**Aim of the task:** Could you return the lines below exactly, from the first line up to and including the line that holds "Gwinnett County firefighters"?

=== Records to use ===

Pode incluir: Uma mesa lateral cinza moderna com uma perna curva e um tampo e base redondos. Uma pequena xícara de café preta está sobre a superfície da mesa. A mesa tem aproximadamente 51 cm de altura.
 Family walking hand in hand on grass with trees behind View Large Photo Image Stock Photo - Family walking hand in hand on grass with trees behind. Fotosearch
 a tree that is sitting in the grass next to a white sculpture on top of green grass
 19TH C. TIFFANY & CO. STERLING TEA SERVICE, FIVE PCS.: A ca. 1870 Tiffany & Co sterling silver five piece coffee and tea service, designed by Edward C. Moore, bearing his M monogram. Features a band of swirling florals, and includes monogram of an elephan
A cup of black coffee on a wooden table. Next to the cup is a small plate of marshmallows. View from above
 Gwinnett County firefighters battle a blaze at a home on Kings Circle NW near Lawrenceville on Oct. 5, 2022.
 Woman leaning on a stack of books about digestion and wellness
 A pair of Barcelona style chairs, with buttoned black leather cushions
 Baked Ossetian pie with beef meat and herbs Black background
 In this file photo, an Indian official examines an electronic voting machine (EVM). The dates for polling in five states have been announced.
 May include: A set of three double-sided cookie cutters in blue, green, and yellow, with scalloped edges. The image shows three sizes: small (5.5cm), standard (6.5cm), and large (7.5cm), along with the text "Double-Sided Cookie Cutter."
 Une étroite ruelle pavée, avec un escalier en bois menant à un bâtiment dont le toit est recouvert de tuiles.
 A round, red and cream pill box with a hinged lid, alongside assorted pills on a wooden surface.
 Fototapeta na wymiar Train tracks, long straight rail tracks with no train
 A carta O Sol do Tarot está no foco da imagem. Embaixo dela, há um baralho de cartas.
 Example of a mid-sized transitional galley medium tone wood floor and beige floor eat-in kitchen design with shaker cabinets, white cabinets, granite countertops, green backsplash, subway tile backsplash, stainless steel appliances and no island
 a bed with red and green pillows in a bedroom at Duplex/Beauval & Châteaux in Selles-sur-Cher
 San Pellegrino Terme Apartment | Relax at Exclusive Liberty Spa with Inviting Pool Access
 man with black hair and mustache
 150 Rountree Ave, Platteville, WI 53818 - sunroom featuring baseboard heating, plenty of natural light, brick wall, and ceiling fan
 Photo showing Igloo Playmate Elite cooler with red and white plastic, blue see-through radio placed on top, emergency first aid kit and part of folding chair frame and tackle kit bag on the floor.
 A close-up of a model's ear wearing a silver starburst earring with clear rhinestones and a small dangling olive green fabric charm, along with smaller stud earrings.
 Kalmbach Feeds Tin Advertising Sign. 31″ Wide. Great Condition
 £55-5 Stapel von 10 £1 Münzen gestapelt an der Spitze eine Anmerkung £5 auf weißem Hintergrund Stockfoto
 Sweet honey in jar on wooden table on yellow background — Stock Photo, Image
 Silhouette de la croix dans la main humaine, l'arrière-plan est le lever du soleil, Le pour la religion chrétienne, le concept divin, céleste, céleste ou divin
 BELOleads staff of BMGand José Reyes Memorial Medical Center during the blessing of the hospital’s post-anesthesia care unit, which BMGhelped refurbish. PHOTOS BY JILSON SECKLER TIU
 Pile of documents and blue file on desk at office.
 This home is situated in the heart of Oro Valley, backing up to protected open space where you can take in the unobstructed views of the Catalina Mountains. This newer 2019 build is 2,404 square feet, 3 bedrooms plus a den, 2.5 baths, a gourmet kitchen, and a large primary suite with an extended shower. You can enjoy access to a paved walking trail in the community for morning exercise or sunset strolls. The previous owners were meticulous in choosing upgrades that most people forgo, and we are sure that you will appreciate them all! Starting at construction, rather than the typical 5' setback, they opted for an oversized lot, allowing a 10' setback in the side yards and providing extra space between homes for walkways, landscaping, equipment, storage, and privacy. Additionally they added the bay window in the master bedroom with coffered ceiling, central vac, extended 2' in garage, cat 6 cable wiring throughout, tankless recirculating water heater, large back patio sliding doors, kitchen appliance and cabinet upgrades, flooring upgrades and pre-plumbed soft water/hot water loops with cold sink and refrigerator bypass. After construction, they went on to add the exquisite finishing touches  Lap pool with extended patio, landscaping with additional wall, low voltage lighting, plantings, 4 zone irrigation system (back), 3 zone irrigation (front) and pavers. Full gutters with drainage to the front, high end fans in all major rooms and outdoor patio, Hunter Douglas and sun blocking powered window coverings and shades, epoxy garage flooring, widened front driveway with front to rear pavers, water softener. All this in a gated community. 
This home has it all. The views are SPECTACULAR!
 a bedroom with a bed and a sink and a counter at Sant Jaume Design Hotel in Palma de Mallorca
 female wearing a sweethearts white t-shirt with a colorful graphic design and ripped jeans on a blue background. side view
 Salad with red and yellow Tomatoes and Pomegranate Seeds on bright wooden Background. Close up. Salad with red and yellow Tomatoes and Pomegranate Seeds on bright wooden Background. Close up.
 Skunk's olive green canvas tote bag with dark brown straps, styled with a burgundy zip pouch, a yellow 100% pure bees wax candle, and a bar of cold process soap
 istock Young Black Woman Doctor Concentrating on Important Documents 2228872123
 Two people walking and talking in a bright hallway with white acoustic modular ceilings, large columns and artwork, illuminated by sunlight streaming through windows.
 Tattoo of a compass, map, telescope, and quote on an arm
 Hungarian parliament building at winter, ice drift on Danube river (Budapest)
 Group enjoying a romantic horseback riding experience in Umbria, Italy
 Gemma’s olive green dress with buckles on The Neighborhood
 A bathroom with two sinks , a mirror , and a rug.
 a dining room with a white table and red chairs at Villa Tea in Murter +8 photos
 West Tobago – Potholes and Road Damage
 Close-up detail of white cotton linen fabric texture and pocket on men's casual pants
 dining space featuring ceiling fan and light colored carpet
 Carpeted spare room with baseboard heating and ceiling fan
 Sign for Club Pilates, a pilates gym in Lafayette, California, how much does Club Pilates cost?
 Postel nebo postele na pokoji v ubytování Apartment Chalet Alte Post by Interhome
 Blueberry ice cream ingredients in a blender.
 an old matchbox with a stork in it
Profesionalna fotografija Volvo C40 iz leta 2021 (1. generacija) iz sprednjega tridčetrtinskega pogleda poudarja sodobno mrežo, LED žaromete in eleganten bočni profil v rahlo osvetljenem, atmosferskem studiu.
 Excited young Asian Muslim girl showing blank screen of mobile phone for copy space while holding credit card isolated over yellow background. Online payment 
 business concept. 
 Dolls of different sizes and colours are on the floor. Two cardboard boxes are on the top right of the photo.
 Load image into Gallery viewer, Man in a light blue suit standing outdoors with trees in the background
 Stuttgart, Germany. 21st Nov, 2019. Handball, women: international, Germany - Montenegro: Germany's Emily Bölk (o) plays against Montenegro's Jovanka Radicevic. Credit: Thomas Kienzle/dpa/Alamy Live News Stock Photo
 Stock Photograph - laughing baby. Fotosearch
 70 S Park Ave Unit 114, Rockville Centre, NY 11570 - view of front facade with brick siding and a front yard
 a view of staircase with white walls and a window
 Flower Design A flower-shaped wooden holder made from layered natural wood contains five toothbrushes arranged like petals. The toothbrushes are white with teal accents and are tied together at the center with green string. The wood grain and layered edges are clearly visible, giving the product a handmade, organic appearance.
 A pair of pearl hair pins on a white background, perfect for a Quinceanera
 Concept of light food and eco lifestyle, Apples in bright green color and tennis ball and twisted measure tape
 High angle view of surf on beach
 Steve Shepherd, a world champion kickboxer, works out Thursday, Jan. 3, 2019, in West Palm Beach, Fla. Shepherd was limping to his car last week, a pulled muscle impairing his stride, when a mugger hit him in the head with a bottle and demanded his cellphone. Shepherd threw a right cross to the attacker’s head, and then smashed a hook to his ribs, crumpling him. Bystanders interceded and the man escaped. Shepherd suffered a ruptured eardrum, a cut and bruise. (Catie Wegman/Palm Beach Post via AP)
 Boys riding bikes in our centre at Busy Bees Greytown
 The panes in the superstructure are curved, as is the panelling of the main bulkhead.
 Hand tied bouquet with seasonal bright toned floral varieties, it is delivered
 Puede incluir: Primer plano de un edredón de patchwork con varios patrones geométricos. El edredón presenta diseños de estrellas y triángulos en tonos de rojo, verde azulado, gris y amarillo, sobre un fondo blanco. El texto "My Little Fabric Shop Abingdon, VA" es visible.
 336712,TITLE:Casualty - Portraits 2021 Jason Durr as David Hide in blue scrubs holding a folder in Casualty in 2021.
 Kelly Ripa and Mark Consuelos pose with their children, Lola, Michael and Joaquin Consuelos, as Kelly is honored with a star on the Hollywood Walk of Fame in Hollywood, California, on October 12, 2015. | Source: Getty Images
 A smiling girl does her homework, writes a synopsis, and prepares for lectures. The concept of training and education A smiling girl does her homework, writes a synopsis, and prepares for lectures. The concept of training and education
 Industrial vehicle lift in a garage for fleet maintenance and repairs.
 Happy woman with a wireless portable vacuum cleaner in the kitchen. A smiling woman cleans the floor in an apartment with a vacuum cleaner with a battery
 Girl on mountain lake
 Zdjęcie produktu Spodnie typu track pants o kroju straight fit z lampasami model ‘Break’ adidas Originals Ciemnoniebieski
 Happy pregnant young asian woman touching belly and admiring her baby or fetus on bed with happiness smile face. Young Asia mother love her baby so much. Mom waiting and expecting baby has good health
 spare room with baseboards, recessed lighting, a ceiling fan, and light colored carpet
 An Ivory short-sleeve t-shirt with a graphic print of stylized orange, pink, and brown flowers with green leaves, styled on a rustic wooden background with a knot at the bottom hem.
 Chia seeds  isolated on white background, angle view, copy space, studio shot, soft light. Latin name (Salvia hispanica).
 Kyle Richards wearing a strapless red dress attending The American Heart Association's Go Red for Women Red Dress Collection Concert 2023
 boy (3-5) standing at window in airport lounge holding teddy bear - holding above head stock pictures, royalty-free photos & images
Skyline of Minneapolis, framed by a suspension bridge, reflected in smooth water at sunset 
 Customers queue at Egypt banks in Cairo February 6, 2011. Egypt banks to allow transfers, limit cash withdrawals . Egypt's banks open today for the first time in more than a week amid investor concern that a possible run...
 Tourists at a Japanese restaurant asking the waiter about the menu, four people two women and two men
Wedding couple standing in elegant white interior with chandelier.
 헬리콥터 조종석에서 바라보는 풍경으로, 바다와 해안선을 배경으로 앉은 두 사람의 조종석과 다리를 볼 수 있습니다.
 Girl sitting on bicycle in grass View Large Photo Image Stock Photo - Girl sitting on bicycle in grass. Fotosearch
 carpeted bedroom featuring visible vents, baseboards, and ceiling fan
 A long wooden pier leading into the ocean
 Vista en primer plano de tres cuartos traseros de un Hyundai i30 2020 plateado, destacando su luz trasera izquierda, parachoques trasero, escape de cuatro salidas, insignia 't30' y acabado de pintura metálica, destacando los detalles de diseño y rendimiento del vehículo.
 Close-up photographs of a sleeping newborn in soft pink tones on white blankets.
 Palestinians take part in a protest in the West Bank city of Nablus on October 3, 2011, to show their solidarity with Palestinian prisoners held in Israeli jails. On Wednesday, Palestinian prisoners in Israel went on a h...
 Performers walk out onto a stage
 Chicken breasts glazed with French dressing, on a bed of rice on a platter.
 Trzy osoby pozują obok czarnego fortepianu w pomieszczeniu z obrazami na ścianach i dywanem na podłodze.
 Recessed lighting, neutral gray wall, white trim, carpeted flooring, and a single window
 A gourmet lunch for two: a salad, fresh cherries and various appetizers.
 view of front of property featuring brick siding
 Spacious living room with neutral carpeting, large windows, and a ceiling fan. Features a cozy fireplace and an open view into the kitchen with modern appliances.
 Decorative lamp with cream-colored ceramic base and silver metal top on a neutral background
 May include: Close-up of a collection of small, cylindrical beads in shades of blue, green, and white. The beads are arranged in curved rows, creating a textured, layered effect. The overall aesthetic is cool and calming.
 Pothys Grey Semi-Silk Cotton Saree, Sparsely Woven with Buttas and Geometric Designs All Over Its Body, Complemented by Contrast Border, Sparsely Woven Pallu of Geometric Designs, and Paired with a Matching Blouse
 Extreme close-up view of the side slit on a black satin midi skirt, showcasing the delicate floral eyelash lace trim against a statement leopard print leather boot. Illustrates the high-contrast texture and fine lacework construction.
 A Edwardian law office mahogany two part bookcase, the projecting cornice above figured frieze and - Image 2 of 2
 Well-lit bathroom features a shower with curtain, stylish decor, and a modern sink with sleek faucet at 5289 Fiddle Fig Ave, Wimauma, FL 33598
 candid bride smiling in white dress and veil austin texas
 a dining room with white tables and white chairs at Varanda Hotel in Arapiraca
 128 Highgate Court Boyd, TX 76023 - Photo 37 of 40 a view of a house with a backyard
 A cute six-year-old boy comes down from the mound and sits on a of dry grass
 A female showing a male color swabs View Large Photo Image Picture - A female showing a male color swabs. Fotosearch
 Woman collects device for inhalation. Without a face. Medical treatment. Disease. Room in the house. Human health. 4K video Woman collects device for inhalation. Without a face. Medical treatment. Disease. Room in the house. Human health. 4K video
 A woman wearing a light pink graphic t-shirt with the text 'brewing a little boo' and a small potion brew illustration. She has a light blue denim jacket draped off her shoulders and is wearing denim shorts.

===

**Response to the task:**
Pode incluir: Uma mesa lateral cinza moderna com uma perna curva e um tampo e base redondos. Uma pequena xícara de café preta está sobre a superfície da mesa. A mesa tem aproximadamente 51 cm de altura.
 Family walking hand in hand on grass with trees behind View Large Photo Image Stock Photo - Family walking hand in hand on grass with trees behind. Fotosearch
 a tree that is sitting in the grass next to a white sculpture on top of green grass
 19TH C. TIFFANY & CO. STERLING TEA SERVICE, FIVE PCS.: A ca. 1870 Tiffany & Co sterling silver five piece coffee and tea service, designed by Edward C. Moore, bearing his M monogram. Features a band of swirling florals, and includes monogram of an elephan
A cup of black coffee on a wooden table. Next to the cup is a small plate of marshmallows. View from above
 Gwinnett County firefighters battle a blaze at a home on Kings Circle NW near Lawrenceville on Oct. 5, 2022.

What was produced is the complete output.